-- MATERIAL FOR THIS TASK follows --

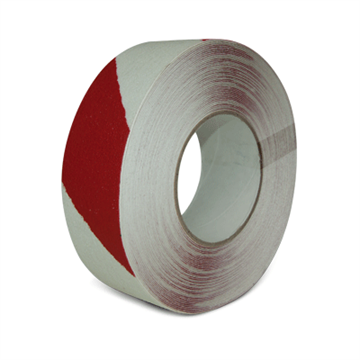 Skridsikker tape - Rød/hvid - 50 mm x 18 m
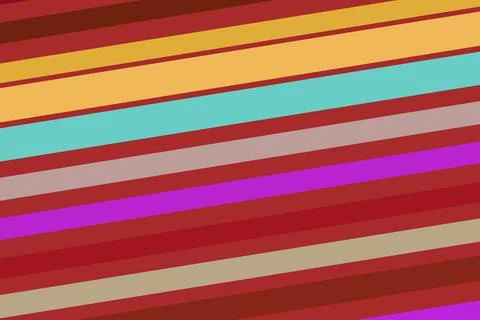 Colorful striped pattern on red background Stock Illustration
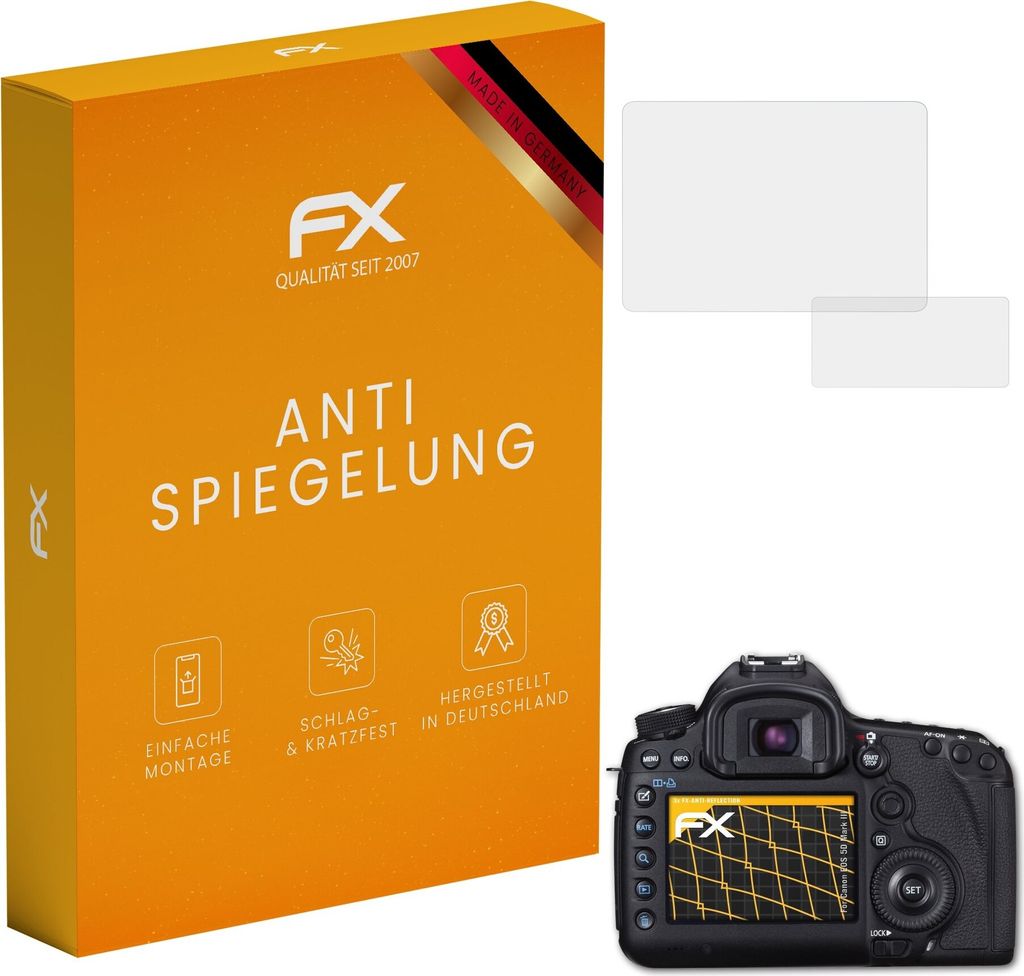 atFoliX FX-Antireflex 3x Schutzfolie kompatibel mit Canon EOS 5D Mark III Displayfolie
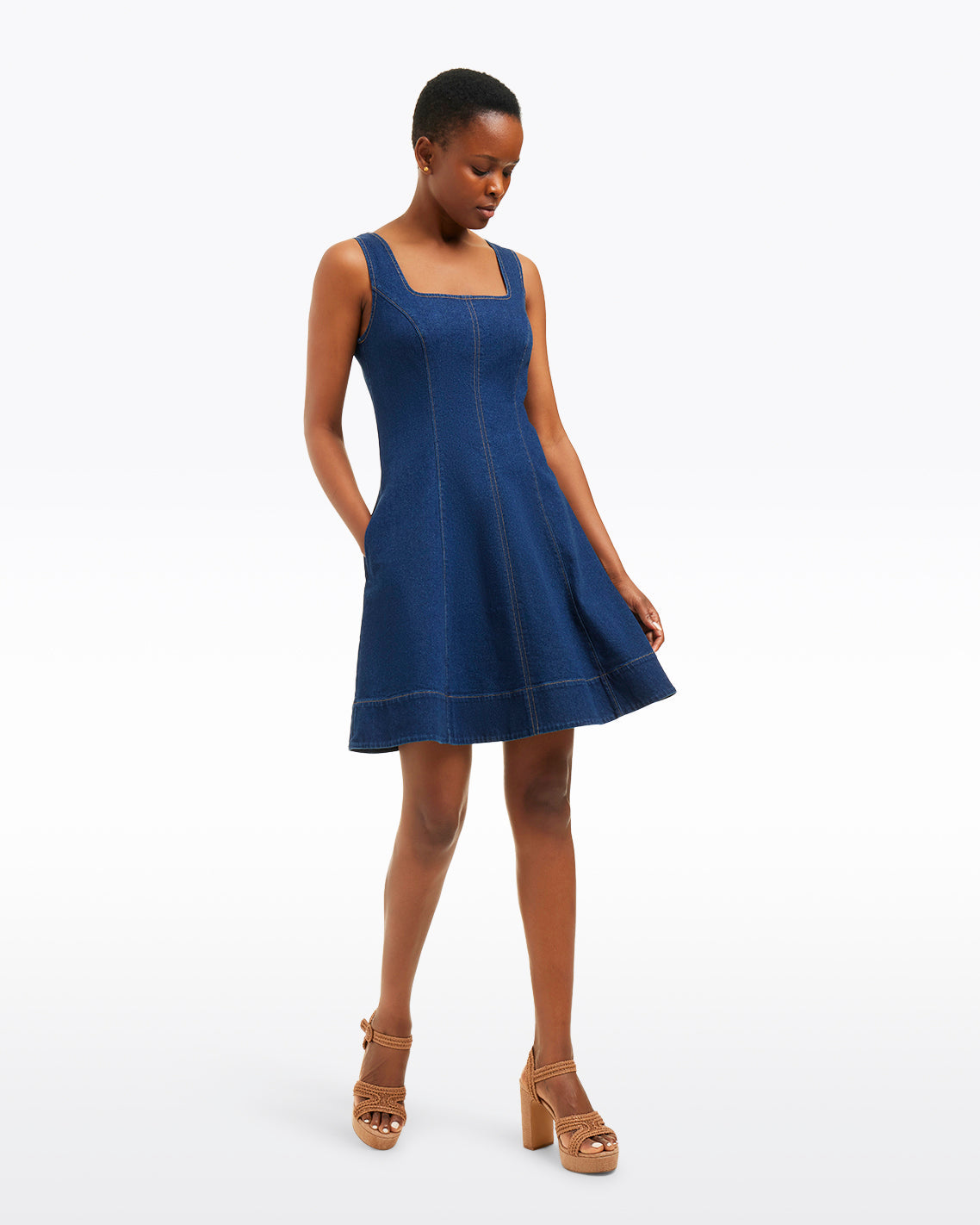 Millie Scoop Neck Mini Dress in Denim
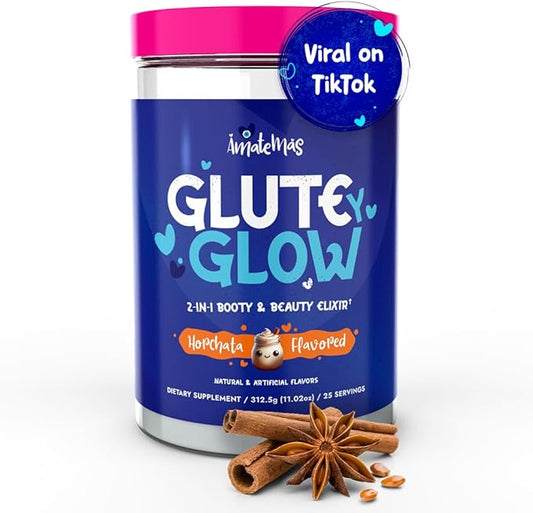 Glute Y Glow, Creatine for Women 2-in-1 Booty & Beauty Elixir W/Creatina para Glúteos┃Supports Faster Hair Growth, Stronger Nails & Glowing Skin - Horchata Flavor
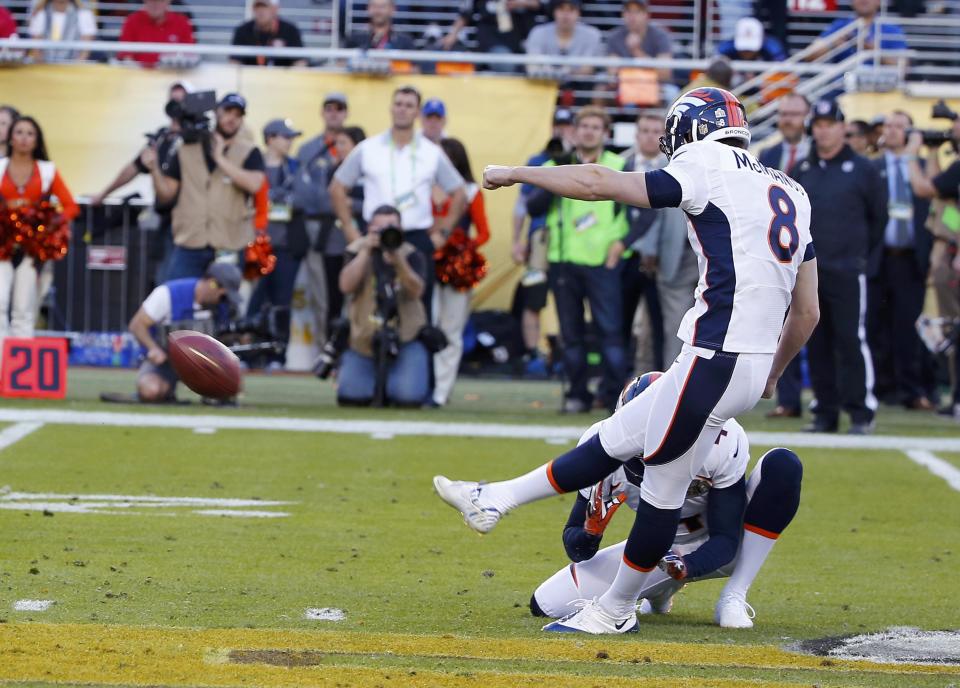 Denver Broncos' Brandon McManus kicks a field goal during the second quarter of the NFL's Super Bowl 50 football game against the Carolina Panthers in Santa Clara, California February 7, 2016. REUTERS/Mike Blake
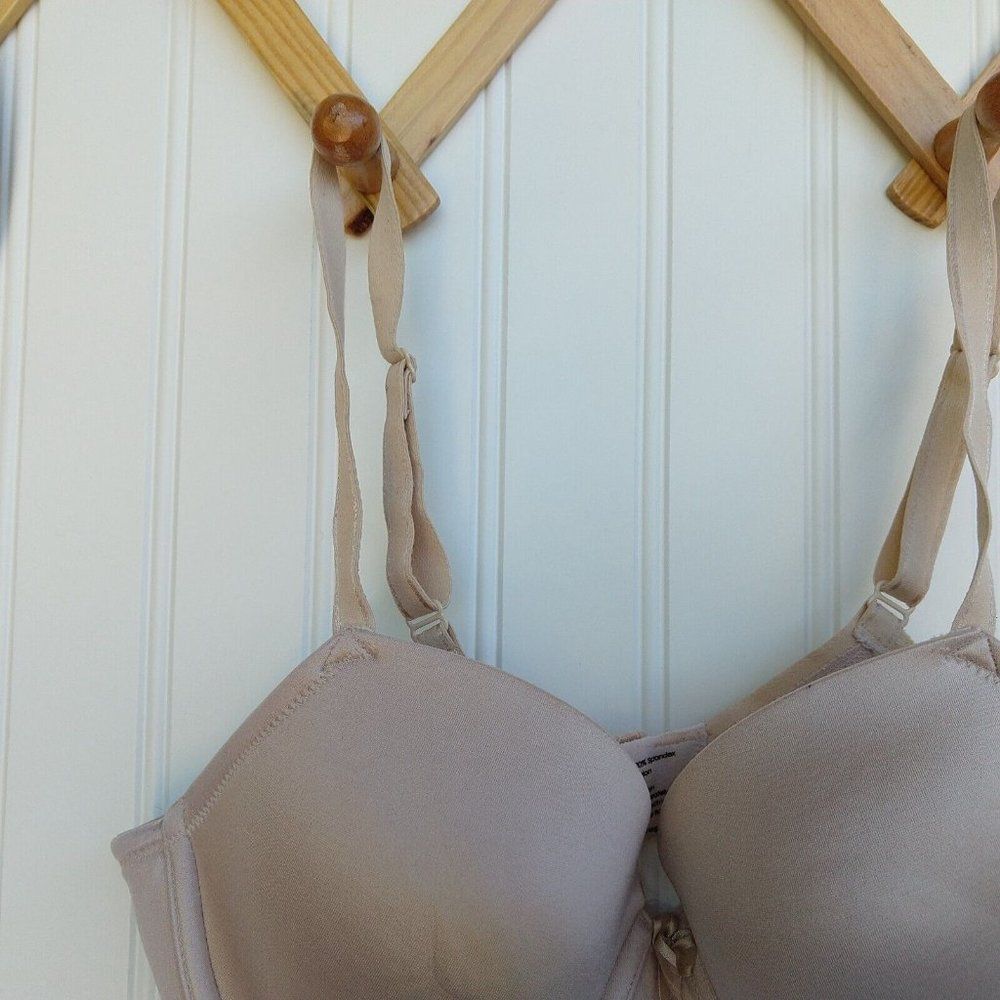 Soma Sensuous Sides Full Coverage Bra Size 32C Beige Sand Satin Underwire Lined - Picture 6 of 9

-- MATERIAL FOR THIS TASK concluded --

TASK DETAILS: The lines to be quoted run from the line containing "Millie Scoop Neck Mini Dress in Denim" through the end of the entries above, both included; quote them exactly and leave out any pictures.

COMPLETED TASK:
 Millie Scoop Neck Mini Dress in Denim
 Glute Y Glow, Creatine for Women 2-in-1 Booty & Beauty Elixir W/Creatina para Glúteos┃Supports Faster Hair Growth, Stronger Nails & Glowing Skin - Horchata Flavor
 Denver Broncos' Brandon McManus kicks a field goal during the second quarter of the NFL's Super Bowl 50 football game against the Carolina Panthers in Santa Clara, California February 7, 2016. REUTERS/Mike Blake
 Soma Sensuous Sides Full Coverage Bra Size 32C Beige Sand Satin Underwire Lined - Picture 6 of 9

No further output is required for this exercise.